Tim Barrus, New York Times
Why I Quit High School
I didn’t quit, I just didn’t go much. To high school. I was in a special program where I was literally let loose. Do I Say: I have Asperger’s. Or do I say, I am Asperger’s. All my voices are Asperger’s, too. It’s all so I can control them and tell them to shut the fuck up. All my friends tell me that I am Crazy. I am quite aware of it. I can look normal in short bursts. But I learn by looking at a thing. Public school in a Rust Bucket town was far from safe. The military wanted us pretty badly. Especially back then. There we were in our uniforms and ties. Designed to remove individuality. I started a walk out from schools. Plural. When imbued with power I back off in horror. Why did I do that. The bullying from the leather boys was Sings My Spill At Once. This ceased when I started riding my motorcycle to school and parked it by the sign that said, Bikes. I don’t think they meant my kind of bike, but there it was. It spead that I concealed a hunting knife.
It is what I do. I am afraid.
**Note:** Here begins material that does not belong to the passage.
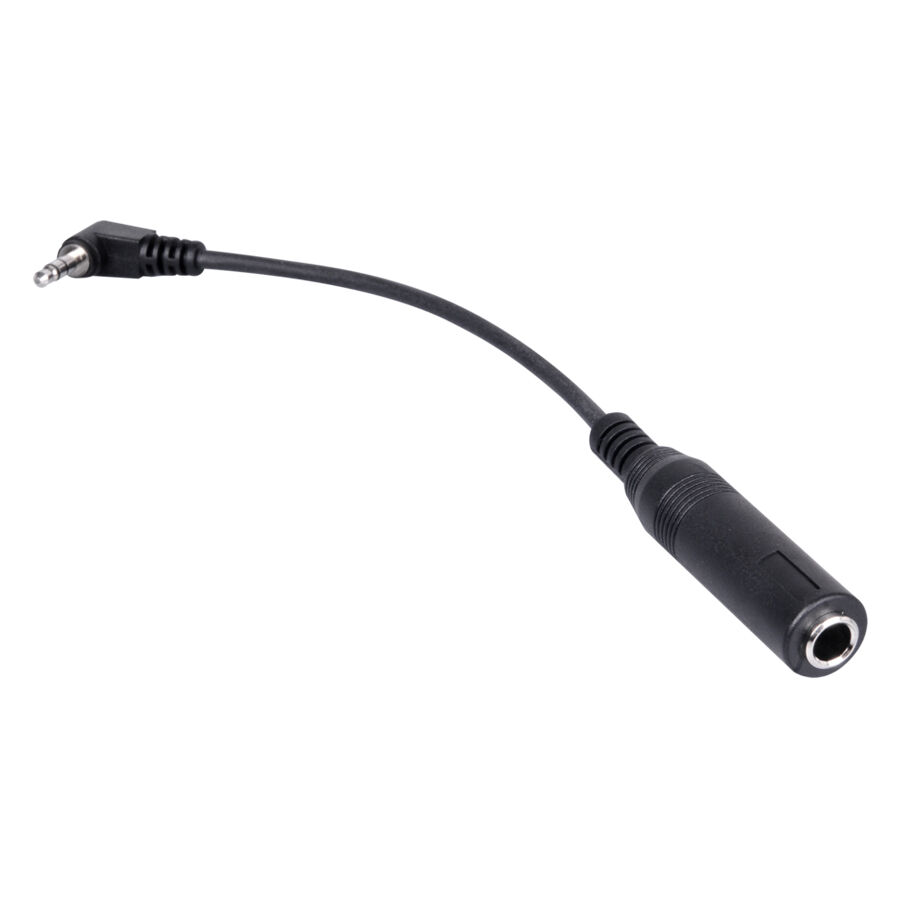 HAWK adapterikaapeli 3.5mm - 6.3mm, musta Musta adapterikaapeli, jossa 3.5mm liitin ja 6.3mm pistorasia valkoisella taustalla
I get that in A Delicate Balance, Ed has his characters come over to the house of his other characters, and they move in. I do miss Miss Taylor in it. She could have been the Bad Daughter Starring Elizabeth Taylor. Where do you put this woman. Where do you put the family. What do do with Claire. I have never seen such a small group of Misfits Minus Marilyn. Where were all these people educated.
By nuns. In a very strict school. Where uniforms and ties were hits. This all sounds very gay. It’s yesterday when school was prison. First day of school. Are you talking to, me. Are you talking to, me.